Shrewsbury realized the importance of motor-sports as a marketing tool for his British Talbots. During this time, French versions continued to be produced from the Clement factory, but as time continued, they had less and less commonality with their British siblings.
After several successful racing accomplishments with the Talbot cars, Shrewsbury promoted a new advertising slogan, 'The Invincible Talbot.' This was truly a bold statement, as racing is a continually evolving sport, and new competition is bred on a daily basis. Achieving a high level of success on a continuous basis, is nearly impossible. Being 'Invincible' at every outing, is unthinkable.
Even though the Talbots were not always Invincible, the company's fortunes were positive up to the start of the First World War in 1914, when domestic production came to a stop. A short time later, Lord Shrewsbury elected to leave the company, selling out to Darracq, another French Company. Darracq soon added Sunbeam, another British company, and the new conglomerate became known as STD.
The individual responsible for much of the company's motorsports success, and many of its engine developments well into the mid-1930s, was George Henri Roesch. He has spent a few years working with Renault, before emigrating to England and becoming chief engineer at Clement Talbot, Ltd.

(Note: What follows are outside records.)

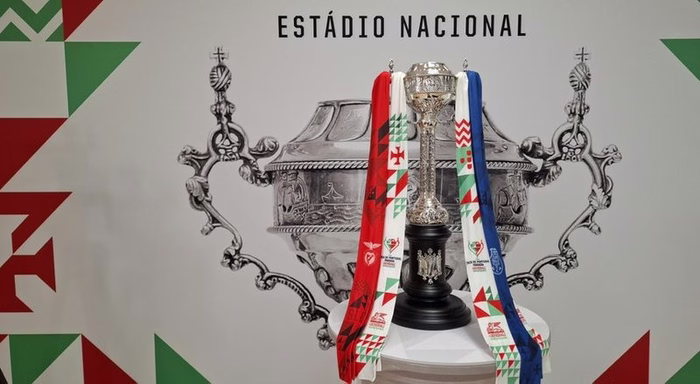 Taça de Portugal feminina. Final é “cereja no topo do bolo” no percurso portista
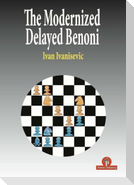 The Modernized Delayed Benoni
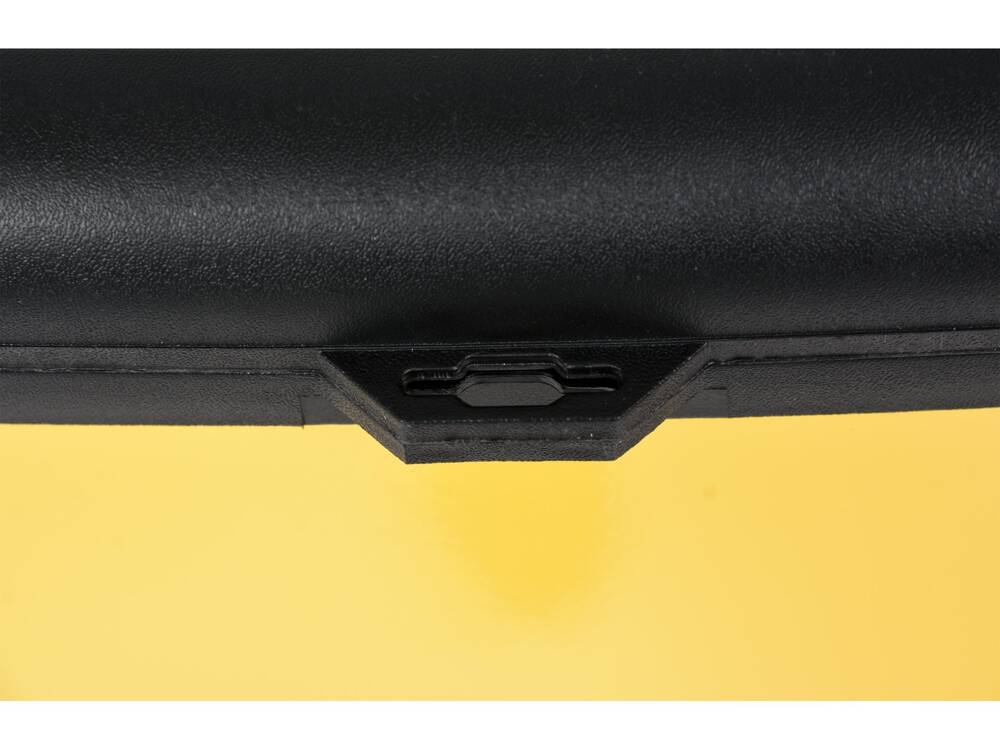 TROLLER SCULE 57X37X84,5CM VOREL 78738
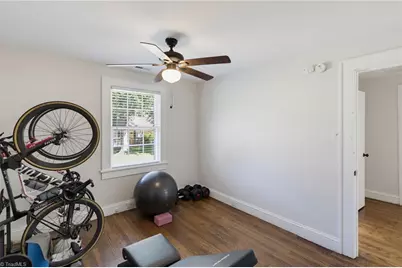 907 5th Street Extension, Spencer, NC 28159 - Photo 27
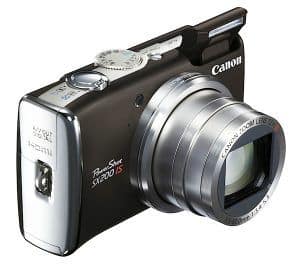 Canon SX200 IS 6 amazon Canon SX200 IS reviews Canon SX200 IS on amazon newest Canon SX200 IS prices of Canon SX200 IS Canon SX200 IS deals best deals on Canon SX200 IS buying a Canon SX200 IS lastest Canon SX200 IS what is a Canon SX200 IS Canon SX200 IS at amazon where to buy Canon SX200 IS where can i you get a Canon SX200 IS online purchase Canon SX200 IS Canon SX200 IS sale off Canon SX200 IS discount cheapest Canon SX200 IS Canon SX200 IS for sale Canon SX200 IS products canon sx200 is price canon sx200 is review canon sx200 is quizlet canon sx200 is questions powershot sx200 is webcam canon powershot sx200 is waterproof case canon powershot sx200 is windows 7 canon sx200 is ebay canon sx200 is lens error restart camera canon sx200 is reset canon sx200 is replacement canon powershot sx200 is repair canon sx200 is test canon powershot sx200 is troubleshooting canon powershot sx200 timelapse canon powershot sx200 is tips canon powershot sx200 is youtube canon sx200 is unterwassergehäuse powershot sx200 is underwater housing canon powershot sx200 is user manual canon powershot sx200 is usb cable canon sx200 is price in india canon powershot sx200 is instruction manual canon sx200 is price in pakistan canon powershot sx200 is iso canon sx200 is opinie canon sx200 is opiniones canon powershot sx200 is 12x optical zoom canon powershot sx200 is objektivfehler canon sx200 is akku canon powershot sx200 is accessories canon powershot sx200 is stitch assist canon sx200 is specifications powershot sx200 is software download canon powershot sx200 is digital camera powershot sx200 is driver canon sx200 is firmware update canon sx200 is flash problem canon powershot sx200 is user guide pdf canon powershot sx200 is gebraucht canon powershot sx200 is gebruiksaanwijzing canon sx200 is hinta canon sx200 is handleiding canon powershot sx200 is how to use canon sx200 is jual kamera canon powershot sx200 is kaufen canon powershot sx200 is kaina canon powershot sx200 is käyttöopas canon sx200 is lens error restart camera canon sx200is lens is stuck canon powershot sx200 is zubehör canon powershot sx200 is zerlegen canon sx200 is battery charger canon powershot sx200 is video format canon powershot sx200 is vs sx210 canon powershot sx200 is best buy canon powershot sx200 is flash not working canon powershot sx200 is nachfolger canon powershot sx200 is nachfolgemodell canon sx200 is memory card canon sx200 is manual pdf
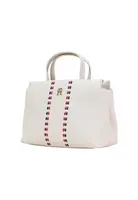 Tommy Hilfiger Borsa Donna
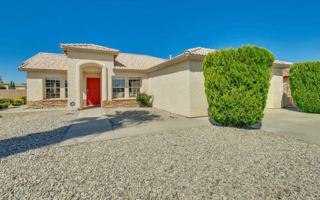 featured image of 7748 Megan Ct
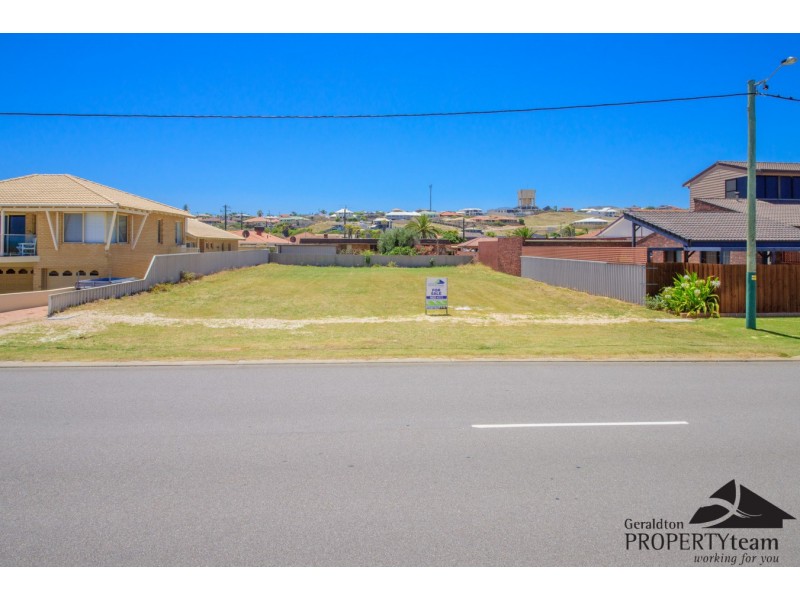 37 Glendinning Road, Tarcoola Beach WA 6530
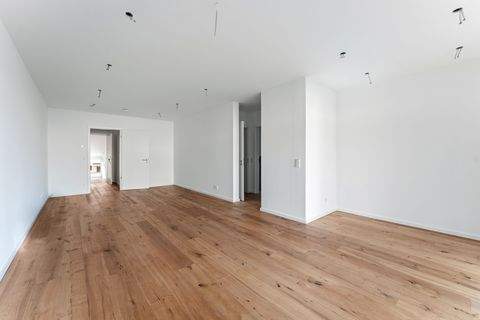 Saarbrücken Wohnungen, Saarbrücken Wohnung kaufen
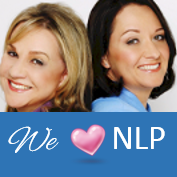 NLP worldwide is a leading NLP Training provider with Master NLP Trainers Laureli Blyth and Dr. Heidi Heron.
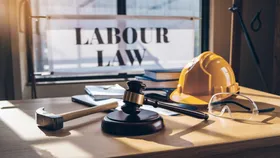 What MSMEs and Workers Need to Know About the Labour Laws in India by Nilesh Dungarwal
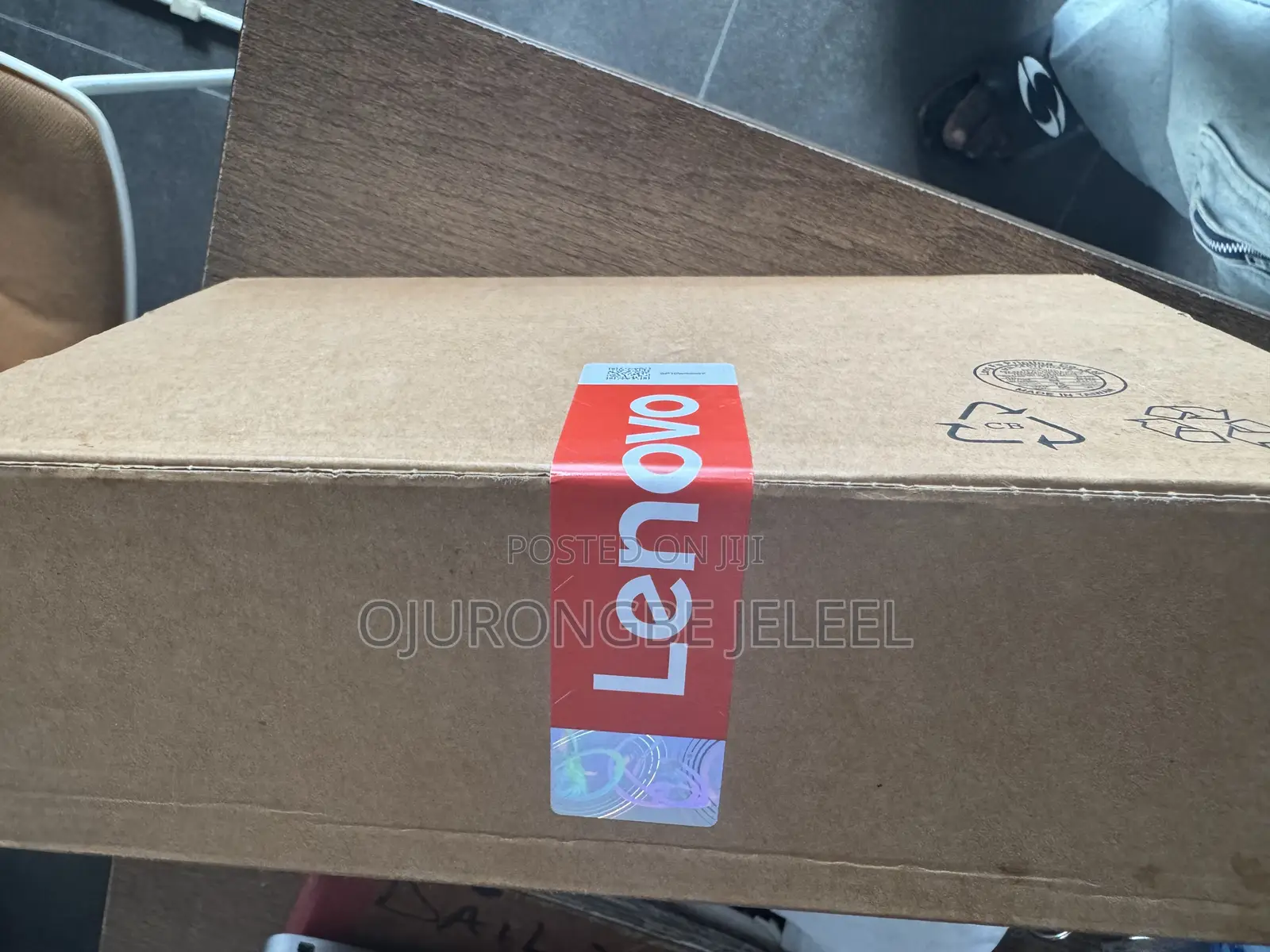 Lenovo Thinkpad Hybrid Usb C Dock
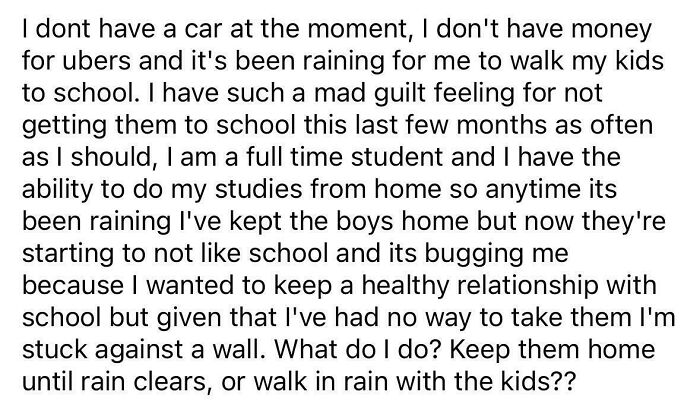 Found: Sister Of The Wicked Witch Of The West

The motor-sports and production car program was considerably successful throughout the mid-twenties. Even with the confusion of origins and product names, when Lord Shrewsbury and Talbot allied with Clement. The British cars continued to sell well in France while the French cars enjoyed strong sales in Britain. The British Talbots were known as Talbots and the French Talbots wore Talbot-Darracq badges.
During the Great Depression, sales declined for STD, and cash reserves soon dwindled. There was a mass resignation by the board of directors following an independent audit, which revealed poor management practices and plenty of other problems. The new leadership was unable to reverse the fortunes of the STD company, and in 1934 the company went into receivership.
After leaving the Italian Army, Lago (a graduate of the Milan Polytechnic Institute) emigrated to England and found employment with a variety of automotive concerns, including Isotta-Fraschini, the Wilson Self-Changing Gear Co., and briefly with STD, serving with Sunbeam operation in Wolverhampton. He joined Sunbeam shortly before STD's financial demise, and saw an opportunity to rescue the brand. He secured adequate financing and took command of the old factory in Suresnes, France. Talbot became Talbot Lago.
One of the early cars to bear the Talbot Lago name was the T120, which was produced from 1935 until the outbreak of World War II in 1939. It had a stylish design with equally impressive performance characteristics. It had a box section frame and a 3-liter overhead valve inline six-cylinder engine developed by Walter Becchia from a design patented in 1934, prior to STD's collapse. It was an advanced design and would become the predecessor to the famous T150C engine. The powerplant produced 90 horsepower and could carry a roadster to a top speed of over 90 mph.
The six-cylinder unit was mated to a four-speed Wilson Pre-Selector gearbox.